The story may or may not be about what is our 'bag of gold hidden in out tent', but here is a thought: every sin we commit against our Father God is worthy of justice, a fate spared us by the Cross. God has an image in our mind of a caring father, but if we believe that about God, we have to take God in His entirety, and that includes a God that burns with anger when we sin against Him.

Don't Abuse Grace. Don't fail to recognize the severity of sin. Don't forget the sacrifice at the Cross.

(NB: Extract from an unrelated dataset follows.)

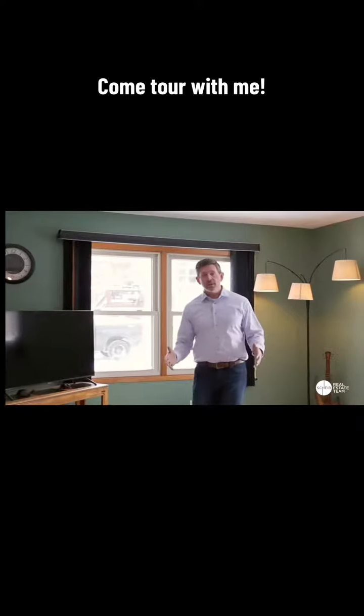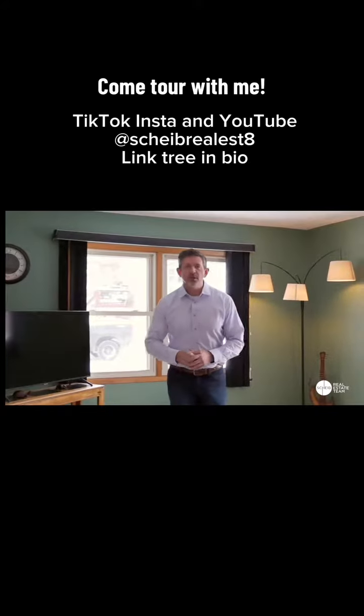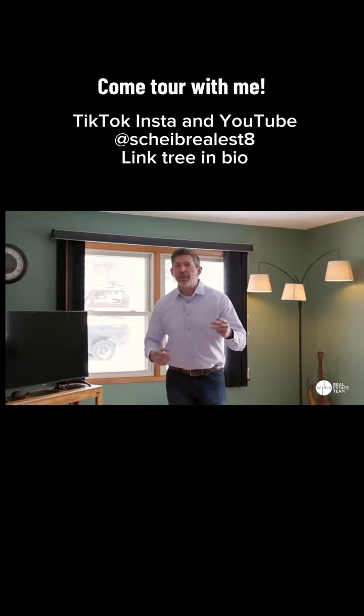I hope you enjoyed this tour. If you like it and you want to see more just like it, make sure you follow us on YouTube, TikTok, Instagram, and Facebook.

Thursday, September 24, 2009

if only we all searched our hearts according to these thoughts...

an excerpt
The Problem of Pain by C.S. Lewis
Chapter 6, Human Pain

"My own experience is something like this. I am progressing along the path of life in my ordinary contentedly fallen and godless condition, absorbed in a merry meeting ith my friends for the morrow or a bit of work that tickles my vanity today, a holiday or a new book, when suddenly a stab of abdominal pain that threatens serious disease, or a headline in the newspapers that threatens us all with destruction, sends this whole pack of cards tumbling down. At first I am overwhelmed, and all my little happinesess look like broken toys. Then, slowly and reluctantly, bit by bit, I try to bring myself into the frame of mind that I should be in all times. I remind myself that all these toys were never intended to possess my heart, that my true good is in another world and my only real treasure is Christ. And perhaps, by God's grace, I succeed, and for a day or two become a creature consciously dependent on God and drawing its strength from the right sources. But the moment the threat is withdrawn, my whole nature leaps back to the toys: I am even anxious, God forgive me, to banish from my mind the only thing that supported me under the threat because it is now associated with the misery of those few days. Thus the terrible necessity of tribulation is only too clear. God has had me for but forty-eight hours and then only by dint of taking everything else away from me. Let Him but sheathe that sword for a moment and I behave like a puppy when the hated bath is over- I shake myself as dry as I can and race off to reacquire my comfortable dirtiness, if not in the nearest manure heap, at least in the nearest flower bed. And that is why tribulations cannot cease until God either sees us remade or sees that our remaking is now hopeless."